Unified representation learning for vision-language understanding
Tuesday, October 20th, 04:30PM – 6:00PM (GMT-3)
Presentation Abstract: Large-scale pre-training methods of learning cross-modal representations on image-text pairs are becoming popular for vision-language tasks. In this talk, I will firstly introduce our research on VLP (unified Vision-Language Pretraining), which pretrains a model based on two objectives: bidirectional and seq2seq prediction to learn a unified representation for both understanding and generation tasks. To encourage vision and language-aligned representation, we further developed OSCAR (Object-Semantics Aligned Pre-training), which uses object tags detected in images as anchor points to ease the learning of object-semantics alignment and creates new state-of-the-arts on six well-established vision-language understanding and generation tasks. I will present extensive image captioning examples and analysis to provide insights on the effectiveness of the learned VL-aligned representation.

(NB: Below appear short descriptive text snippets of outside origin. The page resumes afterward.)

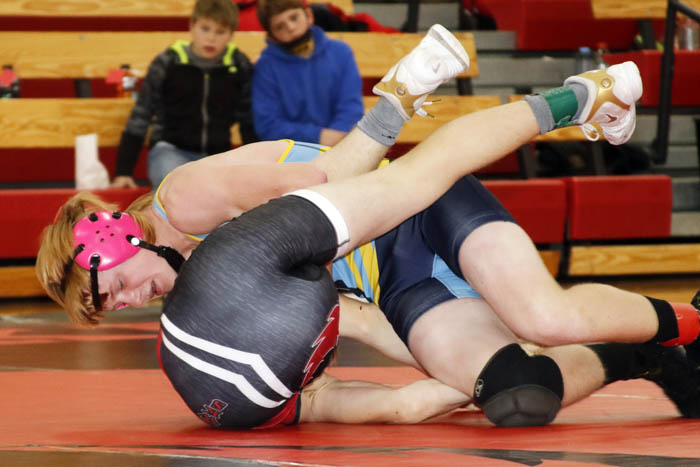 L-S wrestlers go 2-3 in opening week, including sweep at NM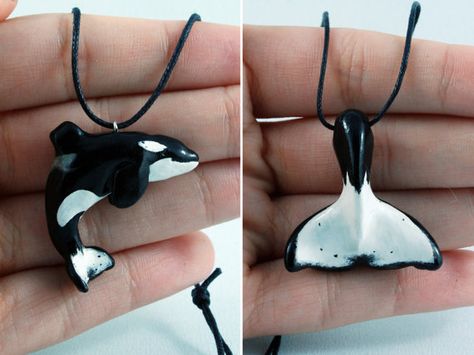 Keiko orca whale pendant Keiko Orca, Whale Tail Jewelry, Free Willy, Whale Jewelry, Pokemon Jewelry, Beautiful Beaded Jewelry, Orca Whales, Diy Art Projects, Killer Whales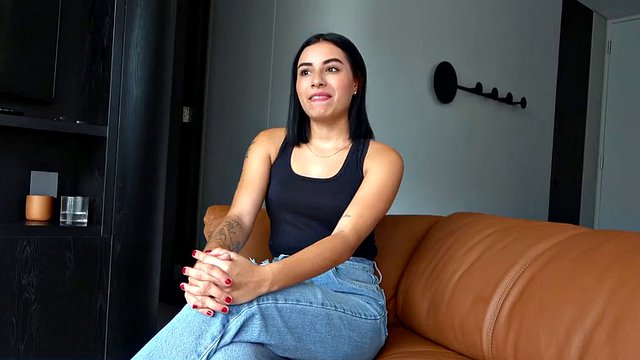Casting cute 18 year old amateur latina jizzed by gringo in a job interview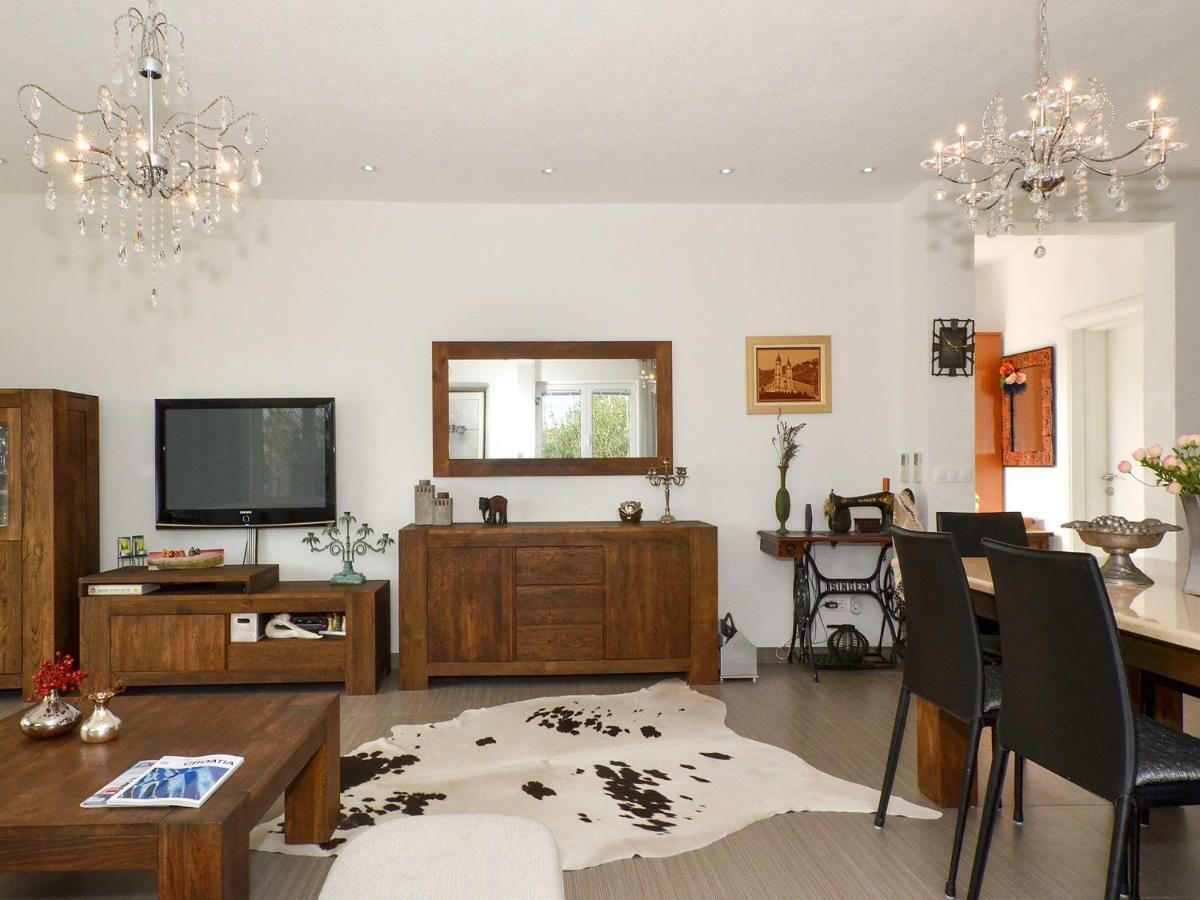 Dondras Residence Trogir Luaran gambar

Lei Zhang is a Principal Researcher and Research Manager of the computer vision research group in Microsoft Cloud & AI, leading a team working on visual recognition and computer vision. The team has made a significant impact to Microsoft Cognitive Services, including image tagging, object detection, entity recognition, and image captioning. Prior to this, he has worked with Microsoft Research Asia for 12 years as a Senior Researcher and later with Bing Multimedia Search for 2 years as a Principal Engineering Manager. He is an IEEE Fellow and has published 150+ papers and holds 50+ U.S. patents for his innovation in related fields.